World-Making like no other

It is both fascinating and concerning that among the various nuances presented by each of the black female authors we have, there is one common thread that holds them together. One of struggle, and of being silenced. Fascinating because it is rare to find such a consensus among various peoples, but concerning also because of this very fact. It is concerning because it points to a wrong that has been done. A wrong that has not been not corrected and comes back to haunt us each time. 

It is the wrong done to black women decades ago, and one that persists even today. Black women of every generation, of every sexuality, of every class. It is a wrong that had been committed during slavery, and one that outlived even that only to manifest in their exclusion and near-erasure during the Civil Rights movement. Every piece written by these black women is a reiteration of the ways in which these i have injustices have shaped over time, and how they have shaped the lives of the very women they concern.

Angela Davis speaks of slave women, ones claimed to have aided the endeavour because of the work they did for the master and his family. They refuse to acknowledge that these are women who performed “the only labour of the slave community which could not directly and immediately be claimed by the oppressor”. These are women responsible for the very sustenance of the black men and families that later on went to call them co-conspirators. These are women that resisted through violence, and in whatever way they could. Davis tells us of these women because if she does not it is highly likely that no one will. 

The statement by the Combahee River Collective sheds light on the burden that comes with just being. They “had no way of conceptualising what was so apparent to us, what we knew was really happening” because no one other than them dare mention the injustices done to them. How if and when these women do choose to speak of these injustices, they are called “smart-ugly”, never taken seriously.
Lorde speaks of being unseen and unheard. She speaks of the difficulty in being acknowledged as herself, instead always as an adjunct to someone or something else. She says; “my poetry, my life, my work, my energies for struggle were not acceptable unless I pretended to match somebody else’s norm”. 

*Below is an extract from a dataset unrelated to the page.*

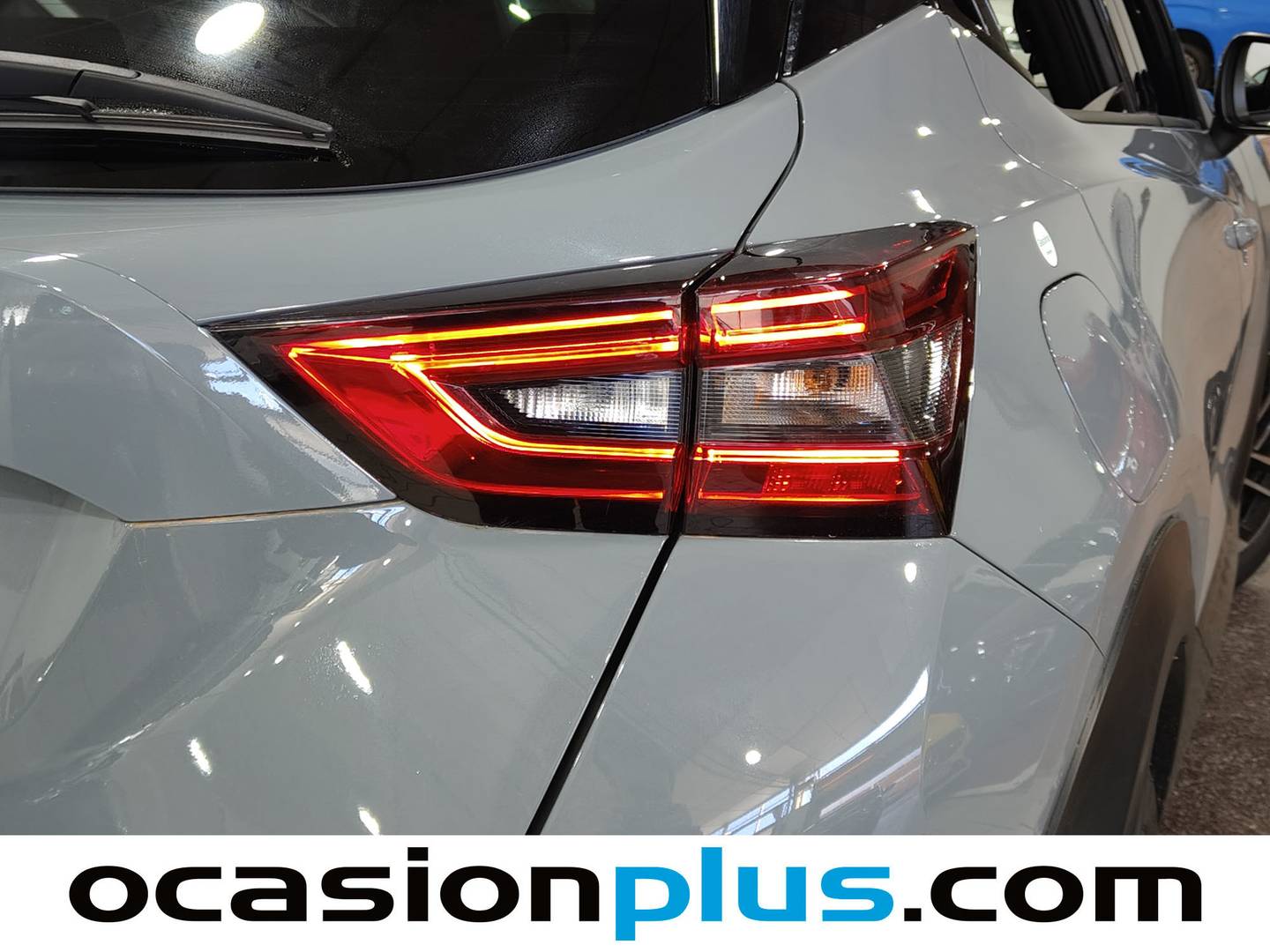 Foto Nissan JUKE Nissan Juke DIG-T N-Connecta 4x2 DCT (114 CV)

The lives of all these black women and of those before them have been spent in struggle. They have been spent in struggle, and then they have been spent in proving that struggle. In proving their very existence. Each time, however, these existences have been said to clash with supposedly more important things, and that their struggle must not bear fruit because someone elses' is coming to. These erasures are concerning in every way, yet they seem to be a means to an end. Unjustifiable as they are, the way these women speak of them is not descriptive. By speaking to these erasures with truth, each of these women are in the process of creating a new world. A world, where, as Lorde puts it, “difference must be not merely tolerated, but seen as a fund of necessary polarities between which our creativity can spark like a dialectic”. Their labour has now become a labour of truth, and by embodying their truth, they have started the creation of a new world. One where the freedom of one is not contingent upon that of another. One where freedom comes for everyone at the same time. One where freedom for one must mean freedom for all. It is a world that must be different than the one we live in now, and have  lived in for so long. For this world has already proven it is not good enough for these women, and all those denied humanity as them. 
These women are engaging with the past to make sense of their present, all the while looking for and seeking a better future. One that is for them, since they have been deprived of its possibility for so long. A future where "to be recognised as human, levelly human, is enough".